**Work task**: Please transcribe only the lines from the one holding "vidaXL Chaises de" through the final line of the data, both included, with no pictures.

**Exercise data**:
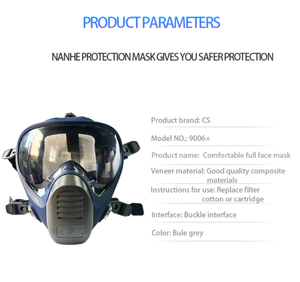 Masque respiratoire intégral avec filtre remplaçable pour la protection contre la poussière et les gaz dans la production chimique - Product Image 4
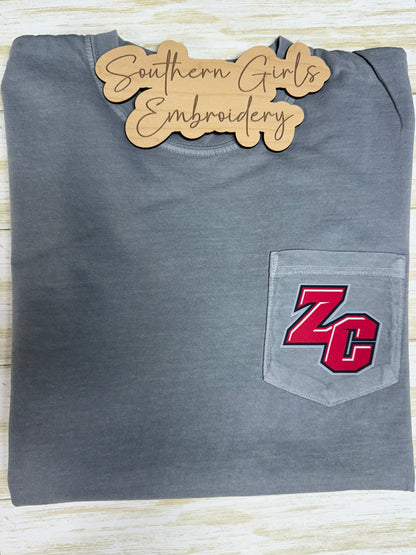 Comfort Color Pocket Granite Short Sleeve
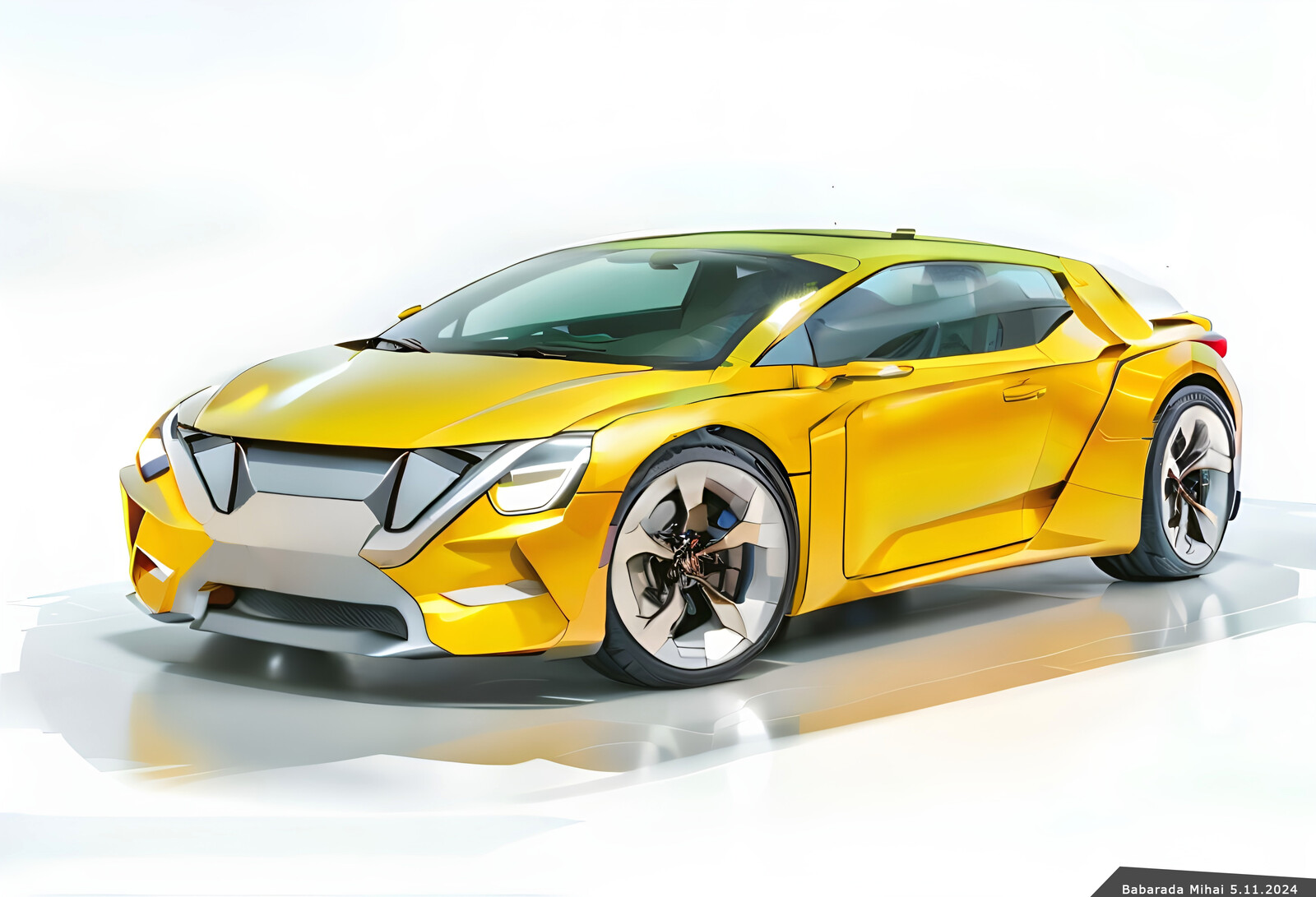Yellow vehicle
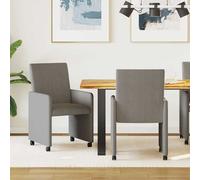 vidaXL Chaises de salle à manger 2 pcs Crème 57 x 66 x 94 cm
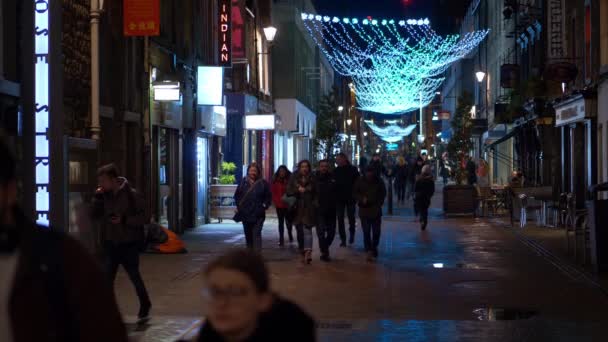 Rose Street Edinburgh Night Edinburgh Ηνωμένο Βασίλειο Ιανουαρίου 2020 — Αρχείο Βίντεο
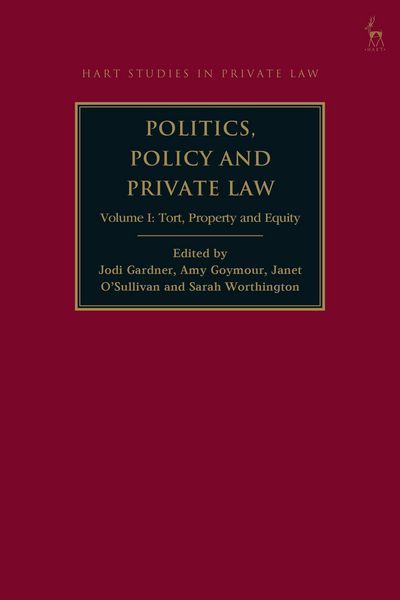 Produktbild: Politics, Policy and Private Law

**Answer area**:
 vidaXL Chaises de salle à manger 2 pcs Crème 57 x 66 x 94 cm
 Rose Street Edinburgh Night Edinburgh Ηνωμένο Βασίλειο Ιανουαρίου 2020 — Αρχείο Βίντεο
 Produktbild: Politics, Policy and Private Law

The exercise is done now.